AIM OF THE TASK: Please reproduce the lines of the records below from the one holding "Thigh Cellulite Thermi-RF" through the one holding "Staining of human", inclusive, skipping all pictures.

LISTED ENTRIES:

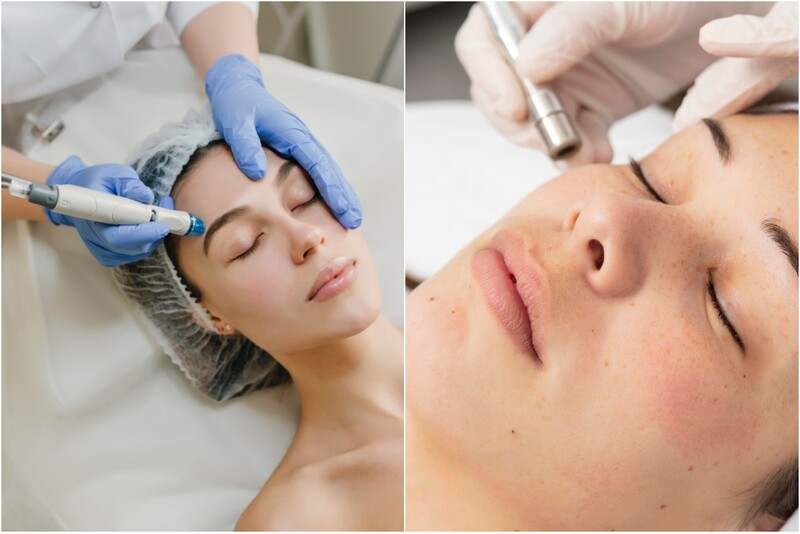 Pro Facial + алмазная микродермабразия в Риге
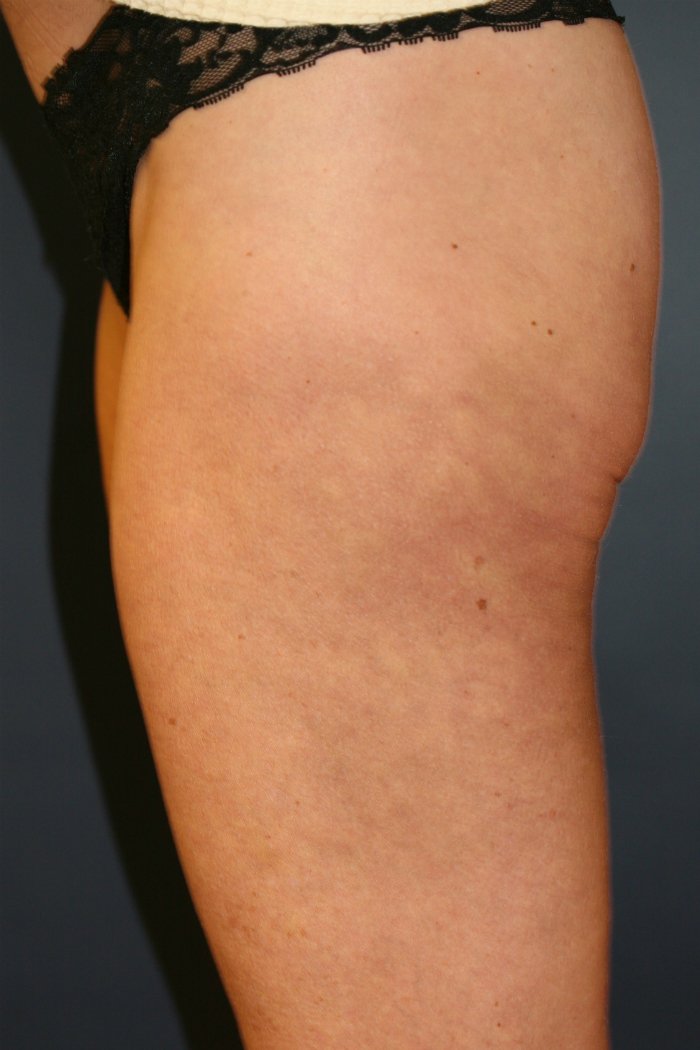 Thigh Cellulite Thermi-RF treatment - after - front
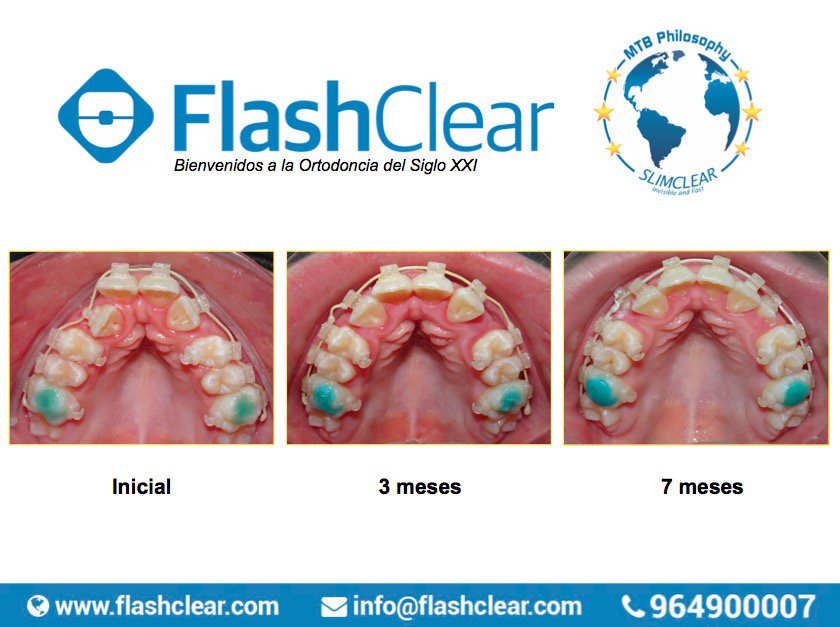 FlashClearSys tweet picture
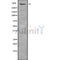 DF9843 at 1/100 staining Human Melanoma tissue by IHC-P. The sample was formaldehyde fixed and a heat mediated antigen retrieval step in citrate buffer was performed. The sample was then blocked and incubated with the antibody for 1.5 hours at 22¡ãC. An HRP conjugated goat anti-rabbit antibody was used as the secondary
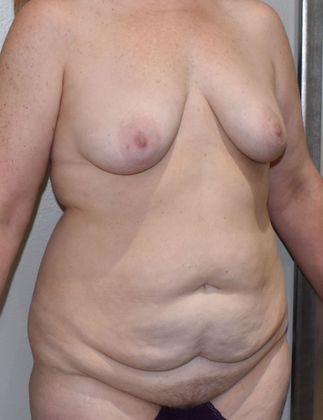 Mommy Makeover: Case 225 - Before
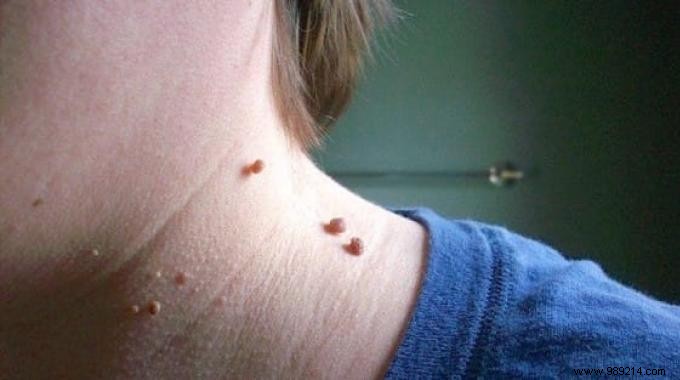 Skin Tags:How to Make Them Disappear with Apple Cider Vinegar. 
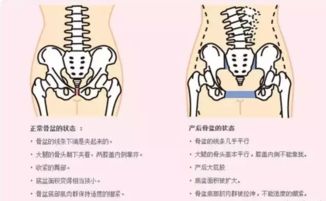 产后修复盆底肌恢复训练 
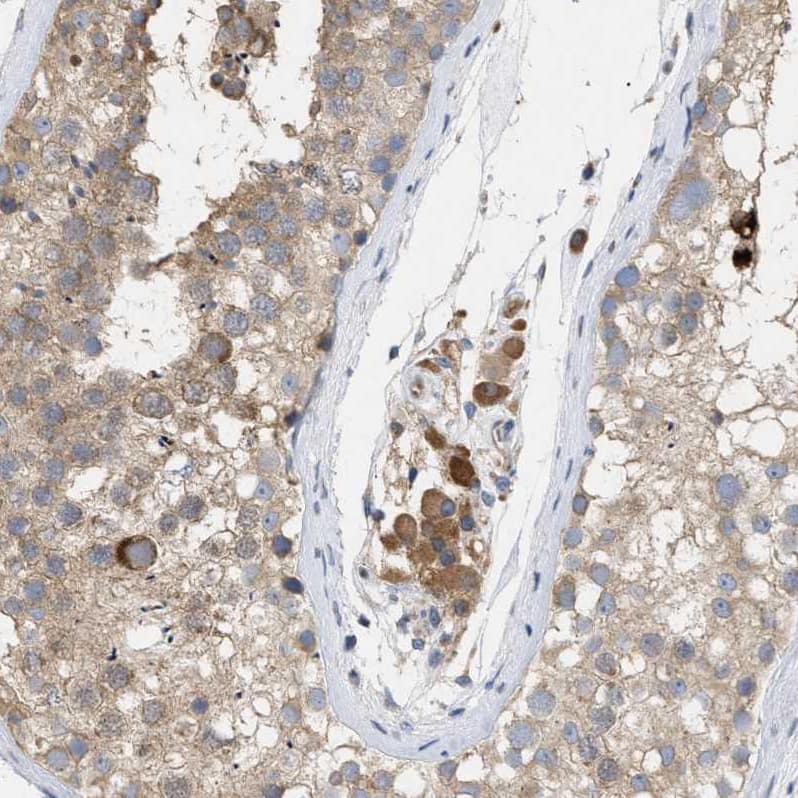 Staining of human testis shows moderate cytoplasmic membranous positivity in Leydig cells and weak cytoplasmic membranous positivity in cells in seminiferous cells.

---

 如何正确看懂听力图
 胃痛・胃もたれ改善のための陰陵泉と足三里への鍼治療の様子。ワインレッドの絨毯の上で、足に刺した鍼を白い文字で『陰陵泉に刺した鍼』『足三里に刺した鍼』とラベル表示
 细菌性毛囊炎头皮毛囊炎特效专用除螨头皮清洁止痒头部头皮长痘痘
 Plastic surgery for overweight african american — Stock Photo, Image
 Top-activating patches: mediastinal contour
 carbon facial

---

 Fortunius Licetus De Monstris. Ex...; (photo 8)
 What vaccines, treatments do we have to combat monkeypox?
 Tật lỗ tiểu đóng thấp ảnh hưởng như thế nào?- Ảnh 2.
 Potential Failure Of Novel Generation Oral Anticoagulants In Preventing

SOLVED EXERCISE:
 Thigh Cellulite Thermi-RF treatment - after - front
 FlashClearSys tweet picture
 DF9843 at 1/100 staining Human Melanoma tissue by IHC-P. The sample was formaldehyde fixed and a heat mediated antigen retrieval step in citrate buffer was performed. The sample was then blocked and incubated with the antibody for 1.5 hours at 22¡ãC. An HRP conjugated goat anti-rabbit antibody was used as the secondary
 Mommy Makeover: Case 225 - Before
 Skin Tags:How to Make Them Disappear with Apple Cider Vinegar. 
 产后修复盆底肌恢复训练 
 Staining of human testis shows moderate cytoplasmic membranous positivity in Leydig cells and weak cytoplasmic membranous positivity in cells in seminiferous cells.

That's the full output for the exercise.